What needs to be done → From the records below, copy out each line that has the word "vector".

[Stored dataset items]
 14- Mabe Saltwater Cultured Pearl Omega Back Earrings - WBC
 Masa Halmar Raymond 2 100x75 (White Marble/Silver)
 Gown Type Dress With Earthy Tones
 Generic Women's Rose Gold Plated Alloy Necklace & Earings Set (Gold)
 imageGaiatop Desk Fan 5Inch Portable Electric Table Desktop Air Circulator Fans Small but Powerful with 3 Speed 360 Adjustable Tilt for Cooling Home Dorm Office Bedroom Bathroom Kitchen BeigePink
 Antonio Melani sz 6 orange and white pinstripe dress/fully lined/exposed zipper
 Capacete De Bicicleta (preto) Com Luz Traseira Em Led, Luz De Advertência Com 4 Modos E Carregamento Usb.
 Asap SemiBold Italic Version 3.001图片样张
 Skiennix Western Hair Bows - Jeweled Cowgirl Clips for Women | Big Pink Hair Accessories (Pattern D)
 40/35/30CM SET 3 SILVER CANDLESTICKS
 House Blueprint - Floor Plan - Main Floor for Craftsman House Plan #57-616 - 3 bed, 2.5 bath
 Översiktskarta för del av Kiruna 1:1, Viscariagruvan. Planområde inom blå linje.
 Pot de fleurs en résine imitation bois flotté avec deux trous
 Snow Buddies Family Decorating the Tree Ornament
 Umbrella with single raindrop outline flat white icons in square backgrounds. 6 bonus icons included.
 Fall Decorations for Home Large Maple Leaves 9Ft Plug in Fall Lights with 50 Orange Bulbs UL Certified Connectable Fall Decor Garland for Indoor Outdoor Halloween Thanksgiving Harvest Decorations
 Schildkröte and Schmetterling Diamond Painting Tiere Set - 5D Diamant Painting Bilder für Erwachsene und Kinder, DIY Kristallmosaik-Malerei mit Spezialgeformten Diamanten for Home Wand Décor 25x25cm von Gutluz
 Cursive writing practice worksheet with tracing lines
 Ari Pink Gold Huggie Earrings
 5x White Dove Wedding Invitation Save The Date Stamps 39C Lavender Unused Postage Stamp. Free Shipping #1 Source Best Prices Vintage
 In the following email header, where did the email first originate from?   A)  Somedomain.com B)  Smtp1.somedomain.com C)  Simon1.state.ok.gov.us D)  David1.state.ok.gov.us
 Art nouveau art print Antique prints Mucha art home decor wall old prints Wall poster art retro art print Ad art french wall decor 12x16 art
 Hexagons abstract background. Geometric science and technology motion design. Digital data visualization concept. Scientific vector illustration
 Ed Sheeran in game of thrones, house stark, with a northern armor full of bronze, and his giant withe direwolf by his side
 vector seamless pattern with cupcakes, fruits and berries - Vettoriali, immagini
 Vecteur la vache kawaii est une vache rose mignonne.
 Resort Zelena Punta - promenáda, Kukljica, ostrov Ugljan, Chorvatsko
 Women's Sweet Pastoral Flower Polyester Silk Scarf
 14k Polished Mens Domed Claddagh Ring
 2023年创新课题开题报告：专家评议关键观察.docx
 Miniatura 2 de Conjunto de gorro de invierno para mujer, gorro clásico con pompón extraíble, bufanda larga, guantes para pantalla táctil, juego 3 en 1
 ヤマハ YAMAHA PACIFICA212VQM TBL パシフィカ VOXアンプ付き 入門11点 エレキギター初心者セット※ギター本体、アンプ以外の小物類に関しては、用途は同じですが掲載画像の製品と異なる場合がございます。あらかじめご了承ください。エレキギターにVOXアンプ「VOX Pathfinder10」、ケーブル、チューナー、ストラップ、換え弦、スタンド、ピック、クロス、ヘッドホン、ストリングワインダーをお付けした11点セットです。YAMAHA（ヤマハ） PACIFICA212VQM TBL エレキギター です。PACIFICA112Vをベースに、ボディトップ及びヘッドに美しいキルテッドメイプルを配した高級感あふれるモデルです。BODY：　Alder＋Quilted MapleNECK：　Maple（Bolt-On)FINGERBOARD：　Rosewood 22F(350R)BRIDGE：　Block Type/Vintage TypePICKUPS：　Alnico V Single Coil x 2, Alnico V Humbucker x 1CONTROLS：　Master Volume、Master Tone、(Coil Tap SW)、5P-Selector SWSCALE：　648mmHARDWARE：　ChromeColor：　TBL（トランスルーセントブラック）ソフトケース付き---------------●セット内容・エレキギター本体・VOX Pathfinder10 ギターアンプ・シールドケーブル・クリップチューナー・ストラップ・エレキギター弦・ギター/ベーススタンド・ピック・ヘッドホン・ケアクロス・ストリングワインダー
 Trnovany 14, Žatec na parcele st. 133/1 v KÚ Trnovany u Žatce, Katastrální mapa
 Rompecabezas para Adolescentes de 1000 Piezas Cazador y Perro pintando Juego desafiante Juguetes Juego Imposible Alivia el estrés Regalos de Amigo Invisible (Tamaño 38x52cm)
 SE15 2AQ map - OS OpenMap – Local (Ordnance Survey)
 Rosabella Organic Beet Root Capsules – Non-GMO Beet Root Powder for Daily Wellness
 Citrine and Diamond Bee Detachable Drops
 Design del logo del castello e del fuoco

Answer box →
 Hexagons abstract background. Geometric science and technology motion design. Digital data visualization concept. Scientific vector illustration
 vector seamless pattern with cupcakes, fruits and berries - Vettoriali, immagini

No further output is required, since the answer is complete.